Une bonne idée d’Eff est le petit-déjeuner à bord. Pour 30 kunas (5€), nous avons accès à un buffet de pain, fromages, œufs, charcuterie et viennoiseries à volonté, de même que thé, café et chocolat. Dans la salle, trône à l’honneur une photo du Pape Jean-Paul II descendant du ferry Judita des Jadrolinija. Son voyage en Croatie est récent et le symbole qu’il représente est puissant pour une population aux marges des ethnies catholiques, confrontée à l’orthodoxie serbe et à l’islam bosniaque. Je profite des toilettes du bord, encore propres à l’embarquement, pour me raser à l’eau chaude. L’opération ne prend que trois minutes avant le petit-déjeuner mais est bien agréable lorsque l’on est resté toute une semaine dans l’eau de mer. Braque est d’une rare beauté, ce matin. Bronzé, bouclé, il a lavé ses cheveux au shampoing « eau de mer ». Il porte un tee-shirt propre bleu qui fait ressortir la couleur ciel de ses yeux sur un teint de miel. Il est lumineux. Sa sœur, par contraste, paraît terne. Réservée, pas très aimable, l’œil critique et l’âme austère, elle attire moins la sympathie. Elle se préserve beaucoup la peau par ces crèmes, s’expose peu et demeure d’une discrétion qui confine à la sévérité.
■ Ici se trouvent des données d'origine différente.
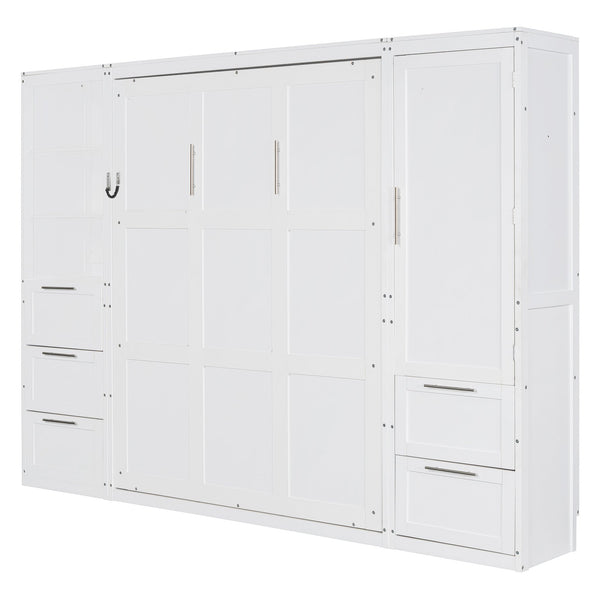 English Elm Queen Murphy Wall Bed with Wardrobe Drawers and Shelves for Studio or Guest Room White LP000865AAK-1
Korcula surgit, sur son promontoire, ville où les rues ont un plan en arêtes de poisson. Nous sommes encore les derniers à débarquer du ferry avec nos kayaks, les voitures qui sortent empêchant nos manœuvres jusqu’au dernier moment. Les portes se referment aussitôt notre dernier sac sorti et les hélices commencent à battre l’eau pour éloigner le monstre du quai tandis que les amarres grosses comme des biceps d’homme sont larguées. Nous laissons les embarcations à même le parking du ferry, où un escalier providentiel nous permettra de les mettre à l’eau en début d’après-midi, puis nous partons en groupe visiter la vieille ville.
Dans la cathédrale se déroulent plusieurs baptêmes. Les bébés, filles et garçons, sont en robe blanche de dentelles dans les bras des marraines. Le visage d’une jeune marraine aux yeux noirs est beau comme une fée. Au-dessus de nos têtes, surmontant le porche de la cathédrale et entourant une statue d’évêque bénissant, deux gargouilles irrévérencieuses, homme et femme, s’accroupissent pour vidanger leurs intérieurs par les deux orifices. Un peu plus loin s’élève la « tour » de Marco Polo, une maison à étages pas trop loin de la mer. Ce Vénitien célèbre est né Croate. Il est parti de Korcula à l’âge de Braque (16 ans la semaine prochaine) pour explorer le monde jusqu’aux confins chinois. Notre errance nous mène dans les ruelles photogéniques où les pierres rugueuses des façades sont caressées de soleil comme des peaux de vieilles, où les plantes amoureusement entretenues pendent des balcons et le linge aux fenêtres.
Je fais seul un autre tour dans la vieille ville car la lumière pour les photos y est différente à cette heure. A 14h, rendez-vous est fixé devant les kayaks pour les mettre à l’eau. Des gens les admirent tandis que nous les manions en plein effort, chemise ôtée par la chaleur. Le soleil brûle la peau déjà tirée par le sel. L’escalier est étroit, il faut entrer dans l’eau jusqu’au ventre pour recevoir les pointes des embarcations et les retenir en attendant de les charger des plus gros sacs, tenus par des sandows sur l’arrière. Glane se charge de les stabiliser, à demi immergée dans l’eau, mais elle n’a que deux mains. La grosse se croit drôle à remarquer que les « quatre nanas » sont à l’eau tandis que les « quatre mecs » sont sur le quai. Ce n’est pourtant que le partage des tâches fondé sur la force physique, les plus forts portant les kayaks, les moins fortes les maintenant près du quai une fois dans l’eau. Ce féminisme militant à la mode aujourd’hui a le don de m’agacer par ses raccourcis imbéciles. Pourquoi la grosse ne s’est-elle pas désignée pour porter les kayaks si le boulot lui va ? L’impuissance n’a que la gueule, c’est bien connu.